HOW TO COMPLETE THIS TASK.
When you transcribe the listing that follows, keep every line exact and skip any picture.

DATA FOR THIS EXERCISE.
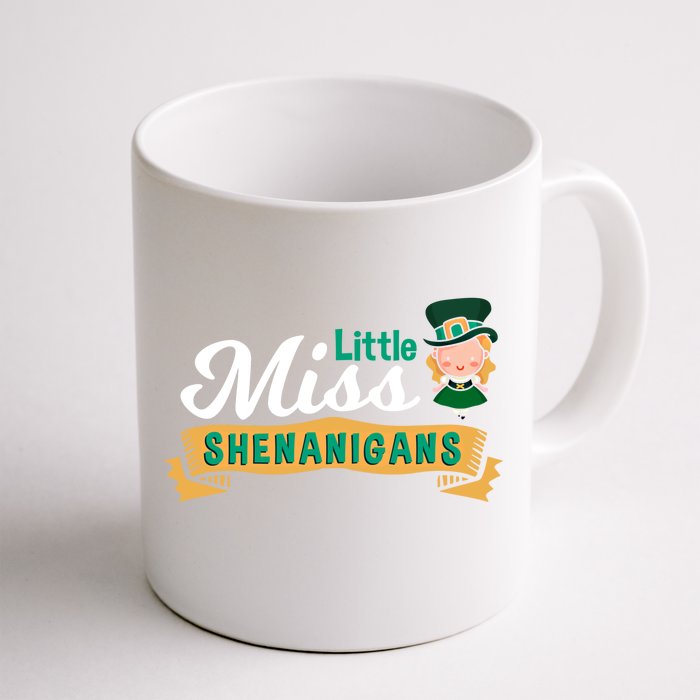 Little Miss Shenanigans St Patrick's Design Gift Front & Back Coffee Mug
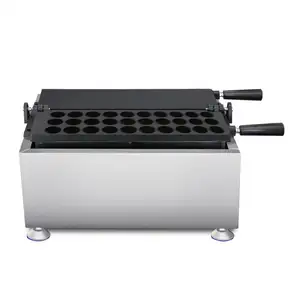 flip waffle baker iron Malaysian cuisine kaya ball kaya sauce rock ball electric file ball shaped waffle machine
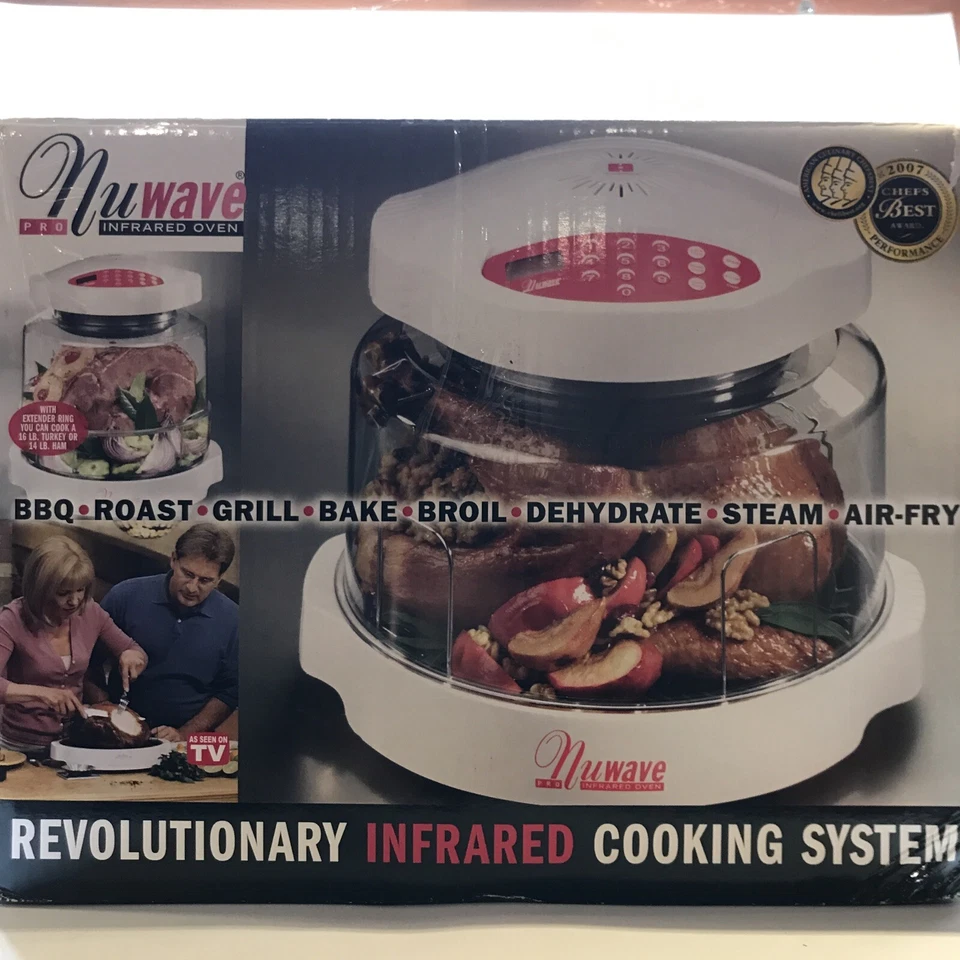 NuWave Pro forno infravermelho fritadeira a ar, vaporizador, desidratar, assar, grelhar, novo - Imagem 1 de 4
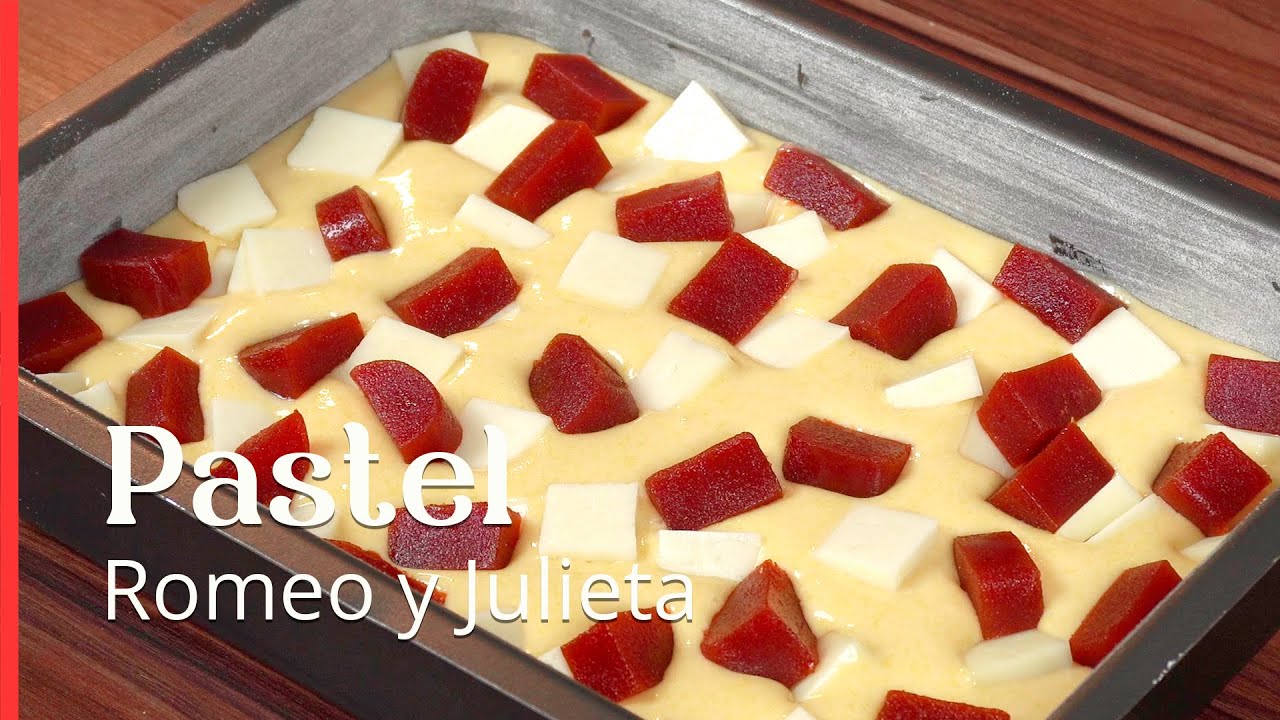 ¡Este pastel de Romeo y Julieta te sorprenderá desde el primer bocado!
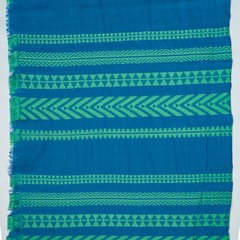 Green Colour Cotton Acralic Jacquard Fabric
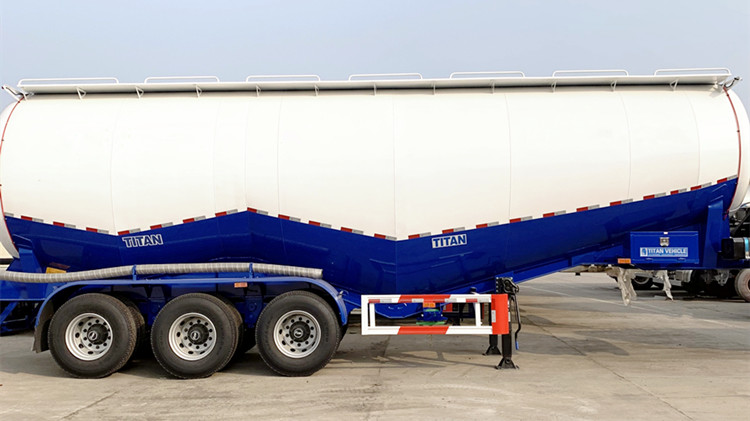 50m3 W Type Cement Bulker for Sale - TITAN Vehicle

EXPECTED OUTPUT.
 Little Miss Shenanigans St Patrick's Design Gift Front & Back Coffee Mug
 flip waffle baker iron Malaysian cuisine kaya ball kaya sauce rock ball electric file ball shaped waffle machine
 NuWave Pro forno infravermelho fritadeira a ar, vaporizador, desidratar, assar, grelhar, novo - Imagem 1 de 4
 ¡Este pastel de Romeo y Julieta te sorprenderá desde el primer bocado!
 Green Colour Cotton Acralic Jacquard Fabric
 50m3 W Type Cement Bulker for Sale - TITAN Vehicle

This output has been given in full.